The patience surrounding the writing and release of When The Sun Came comes across in the music, and as well as significant complexity, there is also an openness and freshness to each of the 10 tracks.

If you’re in a church with no internet or anything, just your mics and guitars in a lovely sounding space, you just work with it

“I think if you’re going to make a solo guitar record, it’s a saturated niche and you need to look yourself in the eye and say that it’s a valid contribution to that field of endeavour,” Nick says. “I need to be able to think this is worth someone’s time and if they like this kind of thing they will listen to it and there will be something worthwhile in it.

“I guess as part of the process of making solo guitar music I’ve really immersed myself in it and tried to understand it a lot, and I think that has meant I’m always looking for some weird little corner that I haven’t seen anyone else go around. But that takes a long time...”

Primitive Listening

When asked about albums that have had an influence, Nick namechecks Jack Rose’s Kensington Blues. “It’s a very obvious choice for a contemporary American primitive guitar record,” he says, “But what was compelling about that one was I was really interested in outsider and avant-garde music, and I was listening to a lot of strange stuff, and somehow Jack Rose bubbled up in the middle of that weird realm of music that I was investigating. 

“When I heard Kensington Blues, it was the first time within that context that I thought I could do something with it. It felt like it was beckoning me and saying, ‘You could do this as well.’ I remember seeing Jack play in a church in Leeds opening for A Hawk And A Hacksaw – they were incredible, but there was this scruffy guy wandering out with a couple of acoustic guitars and just blowing my head wide open. 

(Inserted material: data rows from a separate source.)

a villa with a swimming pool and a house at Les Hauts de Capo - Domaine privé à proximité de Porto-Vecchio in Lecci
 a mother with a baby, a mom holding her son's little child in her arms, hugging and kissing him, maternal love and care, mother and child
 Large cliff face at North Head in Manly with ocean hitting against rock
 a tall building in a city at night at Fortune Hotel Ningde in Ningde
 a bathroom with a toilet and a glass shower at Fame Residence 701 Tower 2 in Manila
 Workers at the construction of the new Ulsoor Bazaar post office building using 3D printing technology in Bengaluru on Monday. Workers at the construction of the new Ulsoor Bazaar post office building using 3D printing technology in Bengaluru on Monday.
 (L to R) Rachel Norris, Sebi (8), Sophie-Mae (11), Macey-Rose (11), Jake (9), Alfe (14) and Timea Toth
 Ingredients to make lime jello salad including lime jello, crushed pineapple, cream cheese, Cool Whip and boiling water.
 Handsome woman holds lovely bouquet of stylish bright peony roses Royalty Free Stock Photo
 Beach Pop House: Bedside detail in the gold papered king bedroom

“I wanted to go and find this person and ask, ‘What the fuck were you just doing and how the hell did you do it?’ I didn’t do that… but Kensington Blues was the touchstone for that feeling of ‘this is very peculiar because I can understand this, but it’s also accepted in this field of outsider music that I love listening to.’” 

Nick Jonah Davis

(Image credit: Andy Joskowski)

Nick learned from that epiphany and, as self-critical as he often is, it’s clear that When The Sun Came is a record that brought out something unique in him. “What I’ve tried to do with this one is make sure everything on there feels like it’s mine,” he explains. 

“I’m 11 years into solo guitar now and this [particular] album feels like the least derivative of its influences. I’m relentlessly critical of what I do – I listen back to stuff and always hear the problems, but I think that’s the same for anyone doing creative work. 

“There’s a really interesting book called The Natural Classical Guitar [Lee F Ryan, 2006] that has this very '70s yoga-infused approach to playing and it says if you play a piece with 700 notes and you fluff three, then the 697 you nailed will mean nothing. Ah man, those fluffs! 

“One of the hallmarks of someone who is bedded into their practice is what happens when they make a mistake live. What do you do now? Are the wheels wobbling for miles afterwards, or is it more like, ‘Okay, a mistake, now, on.’ You’re going to make mistakes and some will be appalling, but some will be beautiful.”

Church Songs

When The Sun Came was recorded in a peaceful church space. Nick explains how this environment impacted the experience of making the album and how it differed to previous sessions: “When I’ve recorded before, I’ve gone in with other people, which has been great, but I haven’t had much budget and I’ve tried to do as much as I can in as short a time as possible,” he says. “You end up asking a lot from the person recording you and you have to get it done quickly. When I listen to my earlier recordings, there’s a sense that I’m rushing. 

“I didn’t want to rush this one, so I decided to put my budget into upgrading my own recording equipment. And then the village let me use the church for free, as long as I accepted that visitors would wander into my sessions if they wanted to. 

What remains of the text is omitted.